Data for processing »
- Opening Delimiter -

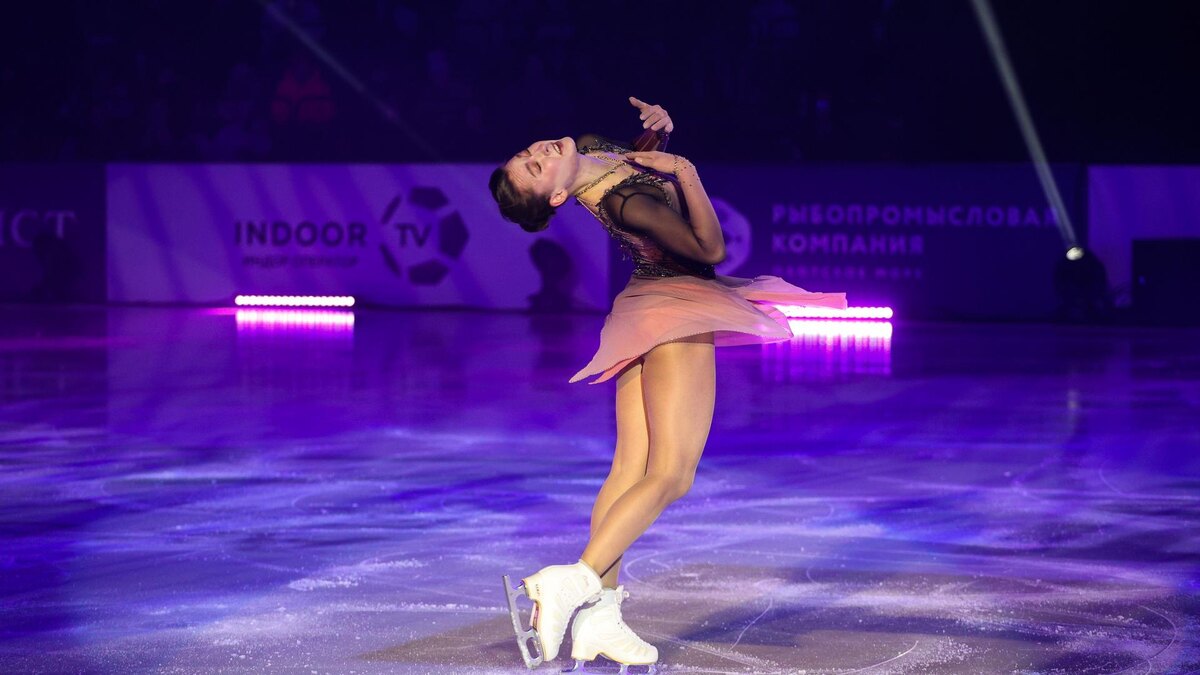    Фото: Andrey Titov/Business Online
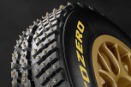Sebastian Loeb po raz 49. Nowe Pirelli Sottozero wygrały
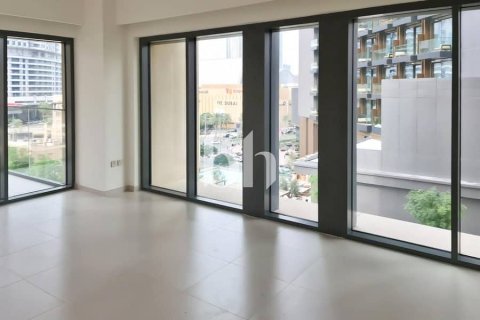 Apartment in Downtown Dubai (Downtown Burj Dubai), Dubai 2 bedrooms, 89 sq.m. № 56341 - photo 2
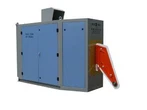 300kw Stat Solidu HF Welder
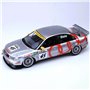 Nunu 24035 Audi A4 BTCC Champion 1996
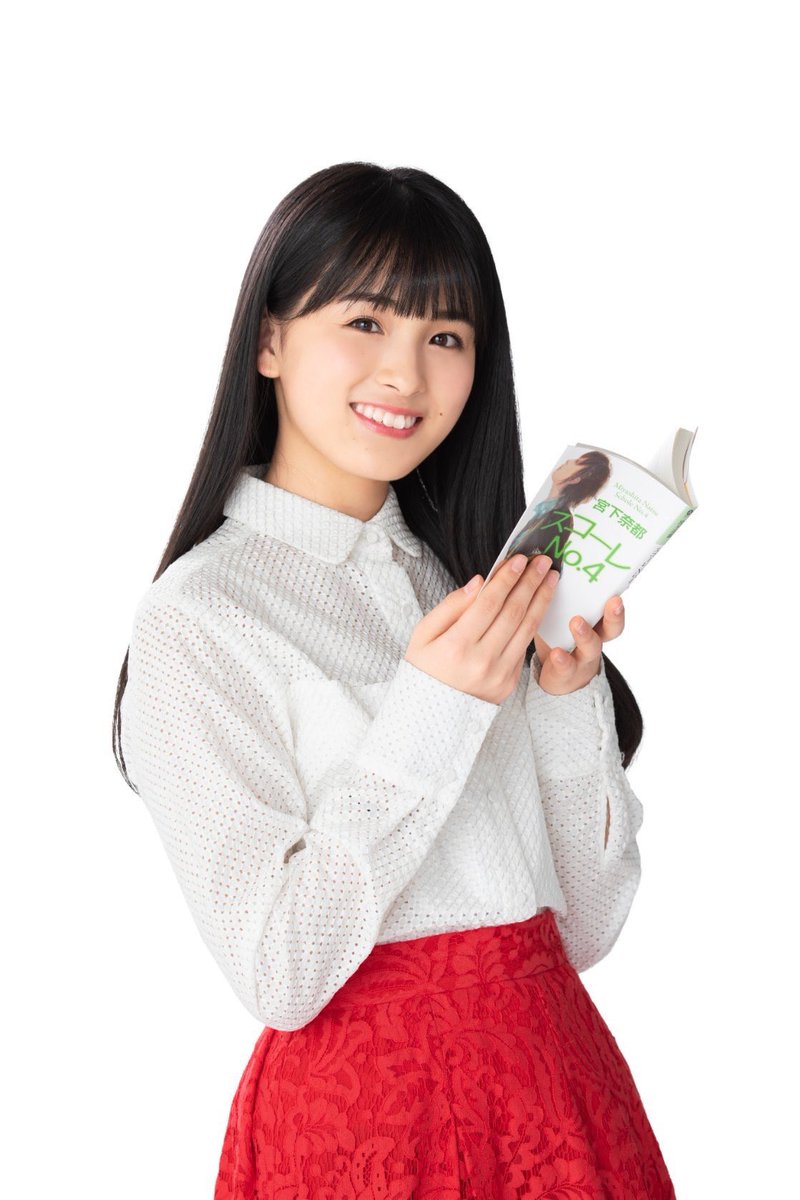 ENRICFany's tweet photo. あ～萌えℒℴѵℯ♡ https://t.co/nUMTwHvLMV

- Closing Delimiter -

What you will do » Repeat each entry exactly as it appears; skip any picture.

Response »
    Фото: Andrey Titov/Business Online
Sebastian Loeb po raz 49. Nowe Pirelli Sottozero wygrały
 Apartment in Downtown Dubai (Downtown Burj Dubai), Dubai 2 bedrooms, 89 sq.m. № 56341 - photo 2
 300kw Stat Solidu HF Welder
 Nunu 24035 Audi A4 BTCC Champion 1996
 ENRICFany's tweet photo. あ～萌えℒℴѵℯ♡ https://t.co/nUMTwHvLMV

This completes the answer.